"""

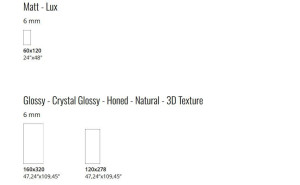 Пол / керамогранит с мраморным эффектом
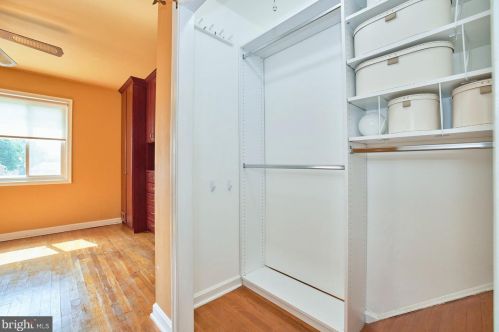 47 French St, Alexandria VA 22304-4957 exterior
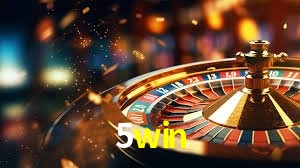 Ofertas Exclusivas 5win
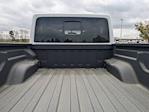 2024 Jeep Gladiator Crew Cab 4WD Pickup for sale #U241097C - photo 28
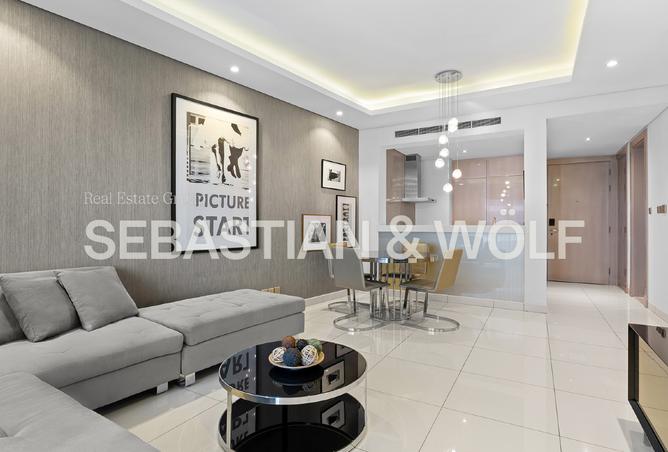 14297803 - Property Image 3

"""

## [EXERCISE BRIEF]
All of the data gets printed again exactly; the pictures do not.

## [RESULT OF THIS EXERCISE]
 Пол / керамогранит с мраморным эффектом
 47 French St, Alexandria VA 22304-4957 exterior
 Ofertas Exclusivas 5win
 2024 Jeep Gladiator Crew Cab 4WD Pickup for sale #U241097C - photo 28
 14297803 - Property Image 3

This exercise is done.